McNeil wouldn't say what a potential dollar figure could look like but said a settlement would only be reached if both sides are able to agree.
"There's obviously a financial implication here we know that, but there is also the right thing to do," he said.
McNeil said if an agreement can't be reached then it would be left to the court to decide.
He also said the outcome of any negotiation wouldn't affect his campaign promise to hold a full public inquiry into alleged sexual, physical and psychological abuse at the facility over a 50-year period up until the 1980s.
McNeil has previously said the inquiry could take place as early as next spring.
The attempt to settle out of court is a departure from the path taken by the previous NDP government, which challenged affidavits submitted to the court.
The allegations in the class-action have not been tested in court and previously lawyers for the government have argued that some of them are based on speculation or hearsay.
Tony Smith, who is part of the class-action and is spokesman for the Victims of Child Exploitation Society, welcomed the Liberal government's initiative.

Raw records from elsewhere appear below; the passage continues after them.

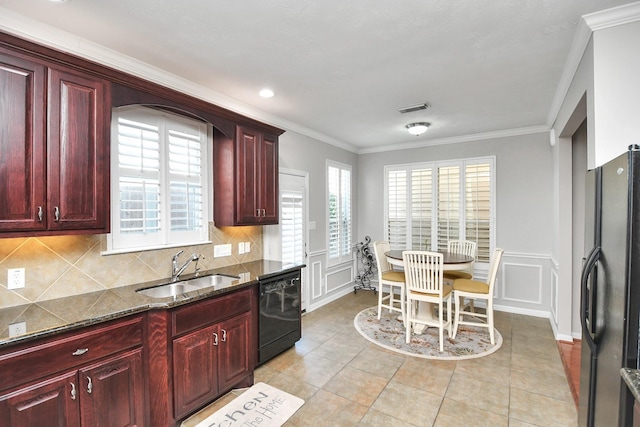 kitchen featuring reddish brown cabinets, visible vents, a sink, and black appliances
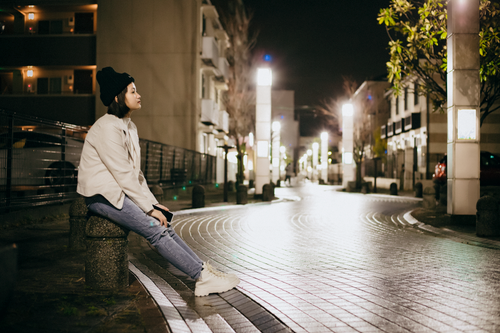 Free Woman sitting on a bench in an illuminated urban street at night, reflecting a peaceful moment. Stock Photo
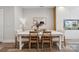Elegant dining room with a modern white table, seating for six, and beautiful wood floors, great for entertaining at 614 West End Dr, Charlotte, NC 28208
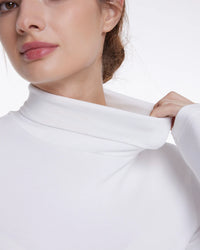 Close-up of a woman wearing a white long-sleeve turtleneck top, pulling the collar slightly outward with one hand against a plain white background.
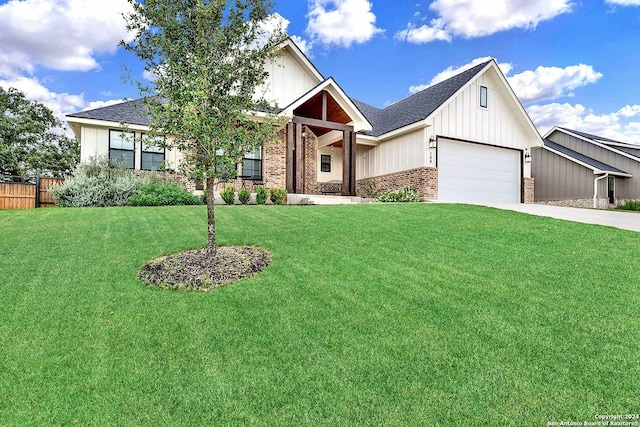 view of front of home with a garage, concrete driveway, fence, a front lawn, and brick siding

"I think it's quite encouraging news . . . it gives an opportunity to look at addressing the healing process a lot sooner than later," said Smith.
He said a satisfactory settlement would be more preferable than continuing with what would likely be a lengthy court process.
In April, the Home for Colored Children agreed to pay a $5-million settlement to 140 plaintiffs after a class-action lawsuit was launched two years ago.
A Nova Scotia Supreme Court judge is yet to rule on whether to certify the current class-action.